Le communiqué de la réunion de Madrid entre les 18 pays qui ont ratifié le projet (plus l'Irlande et le Portugal, et avec le soutien de la Suède et du Danemark) correspond en substance à un rejet des projets français: un accord purement institutionnel est qualifié d'«insuffisant», et l'exigence est réaffirmée d'un accord qui préserve la substance et les équilibres du traité constitutionnel dans son ensemble. La Présidence allemande a pris ses distances aussi bien à l'égard de la réunion de Madrid que de son communiqué final, en soulignant que sa participation se limitait à un rôle d'observateur (l'ambassadeur allemand en Espagne).

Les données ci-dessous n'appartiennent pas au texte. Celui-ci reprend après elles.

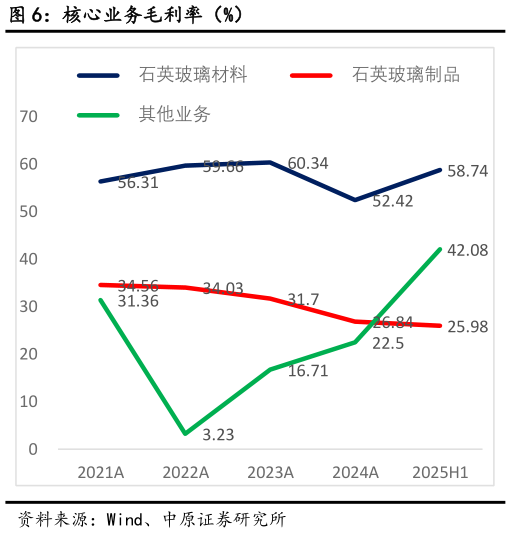 想问下各位网友核心业务毛利率（%）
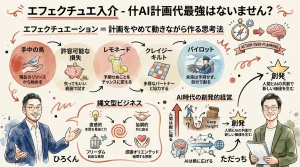 エフェクチュエーション×AI×縄文型ビジネスの全体図解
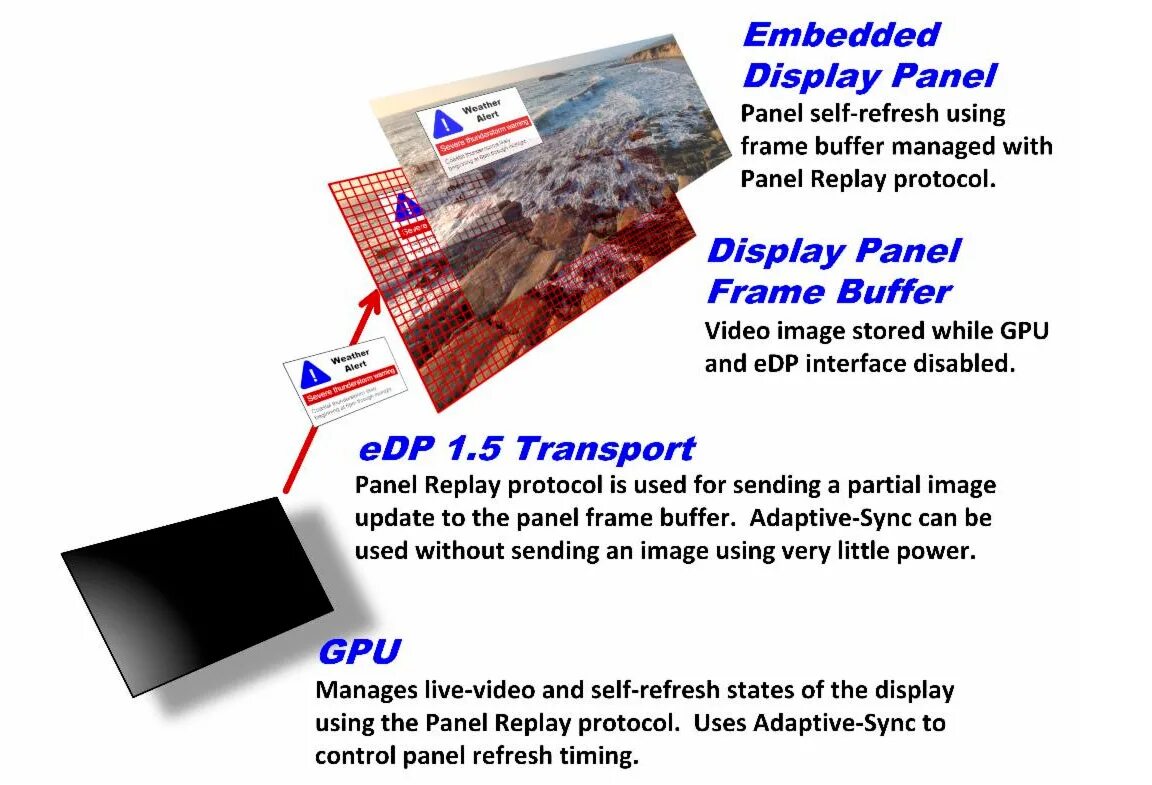 Vesa adaptive sync. Edp displayport. стандарт vesa. embedded displayport. displayport versions.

C'est compréhensible: la Présidence a pour tâche de mettre au point une feuille de route rassemblant tous les Etats membres et elle refuse d'opérer des distinctions entre les uns et les autres. Elle les écoutera tous sur le même plan. La création du groupe des Etats membres « amis du Traité constitutionnel » la gêne. Le ministre néerlandais des Affaires étrangères avait été plus tranchant, affirmant qu'une réunion comme celle de Madrid « n'apporte rien et souligne les divisions » (ce qui n'était certes pas l'intention des organisateurs)

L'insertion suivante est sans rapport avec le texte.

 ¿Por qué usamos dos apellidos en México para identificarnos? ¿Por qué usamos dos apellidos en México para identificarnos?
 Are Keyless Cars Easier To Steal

Une réflexion inéluctable ? La plupart des gouvernements vont vraisemblablement mettre la sourdine à leurs prises de position officielles, par égard envers la Présidence allemande. Mais la formule de Guy Verhofstadt fait quand même du chemin: sortir de la crise constitutionnelle non pas en affaiblissant le traité qui existe, mais en le renforçant. L'objectif n'est pas, à son avis, d'enlever quoi que ce soit, mais d'ajouter ce qui manque. Á qui lui demandait quoi faire si certains Etats membres refusent, M. Verhofstadt avait répondu: « avancer avec ceux qui le veulent ». Faut-il en déduire que la division de l'UE en deux parties risque de devenir inévitable, si un groupe d'Etats membres maintient l'objectif de progresser vers l'intégration, alors que d'autres s'y opposent ? Il est trop tôt pour l'affirmer, et il est normal que la plupart des responsables politiques rejettent une telle évolution. Mais j'ai constaté deux signes en ce sens: le Financial Times a publié dans son numéro de lundi une prise de position de Lord Blackwell (conseiller politique du Premier ministre britannique dans les années 1995-1997) favorable au retrait du Royaume-Uni du cadre institutionnel, juridique et politique de l'UE et à la conclusion d'un accord intergouvernemental avec elle (voir notre bulletin d'hier), et mon commentaire d'hier posait la question de savoir si le Royaume-Uni ne ferait pas mieux de sortir de la politique agricole commune (PAC) plutôt que d'en réclamer la destruction.

Deux signes mineurs, bien sûr, et une simple coïncidence. Mais ceux qui veulent rester fidèles au rêve européen seront peut-être obligés un jour de commencer à y réfléchir.